Entrar ahora en los múltiples errores puntuales, imprecisiones o inexactitudes del texto sería tedioso. Me limito a consignar, sólo a guisa de ejemplo: «hicieron falta tres años para redactar y ratificar la Constitución» (p. 23); el pintoresco uso del concepto de feudalismo (pp. 92-93: «la duquesa continuó haciendo gala de feudalismo»); a Unamuno «en 1939 se [le] había echado de su cátedra en Salamanca por estar del lado equivocado» (p. 118); Picasso en su Sueño y mentira de Franco ataca a éste «por haber destruido la España tradicional» (p. 126). Más grave, desde el punto de vista del paradigma historiográfico vigente, es que Treglown siga sustentando en el fondo la interpretación de la especificidad española: «pese a su integración en Europa», el país es en muchos aspectos «distintivo» o, por decirlo con toda la formulación tópica, «España aún parece diferente» (p. 5).
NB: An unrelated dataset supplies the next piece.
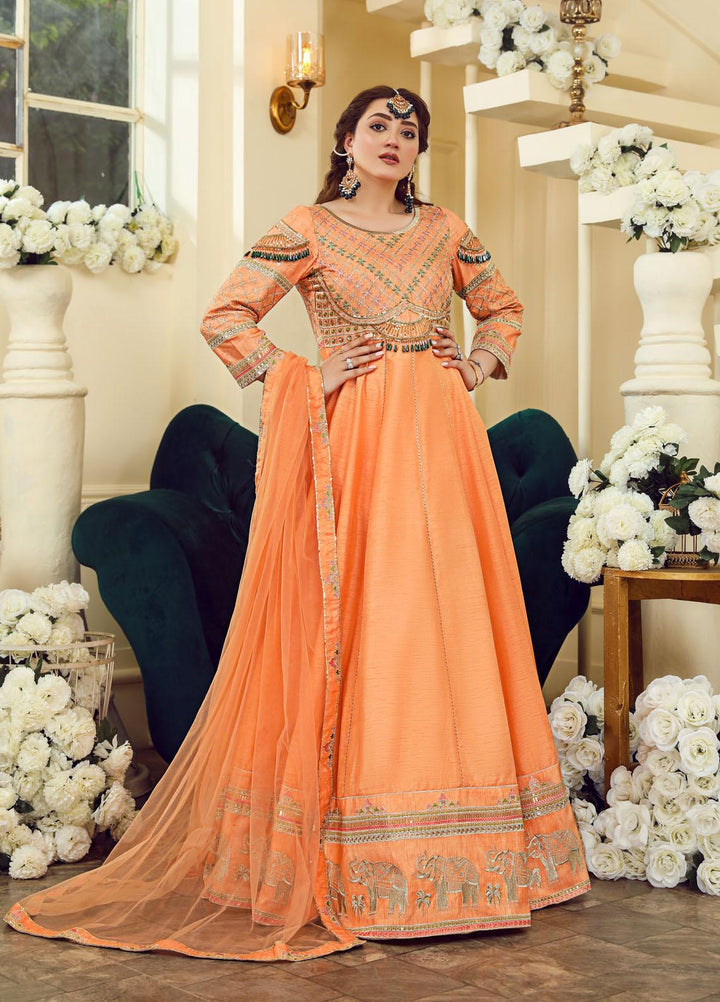 Kausar Attire Luxury Pret  Raw Silk 2 Piece Dress KA22TM LILAVATI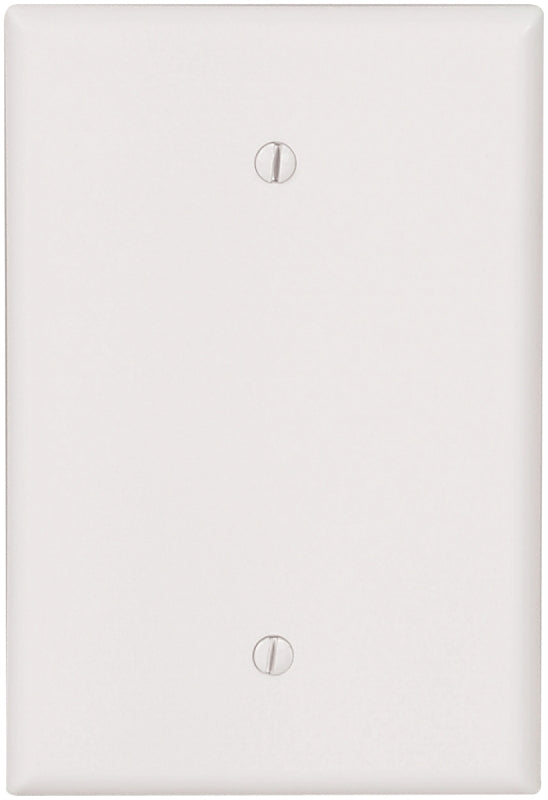 Eaton Cooper Wiring 2729W-BOX Wallplate, 4-1/2 in L, 2-3/4 in W, 0.08 in Thick, 1 -Gang, Thermoset, White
Y más grave aún, en mi opinión, es que una persona de la formación universitaria de Treglown opte, más que por el análisis en profundidad, por el típico formato de crónica periodística: no es ya sólo que mezcle muchas cosas y muy diversas –la guerra y su huella, el cine, Franco, la memoria histórica, las fosas, la literatura, los pantanos, la censura, la Academia de la Historia, etc.–, sino que realiza un batiburrillo entre elementos nimios, anécdotas e incidentes –por una parte– con grandes decisiones políticas, obras maestras o grandes realizaciones culturales –por otra–, sin gradación alguna, como si todo significara lo mismo o se moviera en el mismo plano.

Todo ello no obsta para reconocer que el libro de Treglown contiene no pocas páginas brillantes (sobre todo en su tramo central), certeras intuiciones y una aguda exploración de determinados autores y algunas de sus obras fundamentales (en especial cuando aborda el examen de novelas y películas). Otra cosa distinta es que se discrepe de sus valoraciones, como cuando compara a Gironella con Joyce y Grossman, o a Sánchez Ferlosio con Beckett. Pero, en conjunto, es difícil escapar a un cierto efecto de insatisfacción al acabar el libro. ¿Digno? Sí, pero nada más. Para quien desconozca todo o casi todo sobre España puede ser una aproximación útil. Pero la mirada de Treglown difícilmente aportará algo novedoso al público español. Aunque quizás, en el fondo, todo esto pueda también reducirse a una cuestión de expectativas, como se decía al comienzo de este comentario.

Rafael Núñez Florencio es Doctor en Historia y profesor de Filosofía. Sus últimos libros son Hollada piel de toro. Del sentimiento de la naturaleza a la construcción nacional del paisaje (Madrid, Parques Nacionales, 2004), El peso del pesimismo: del 98 al desencanto (Madrid, Marcial Pons, 2010) y, en colaboración con Elena Núñez, ¡Viva la muerte! Política y cultura de lo macabro (Madrid, Marcial Pons, 2014).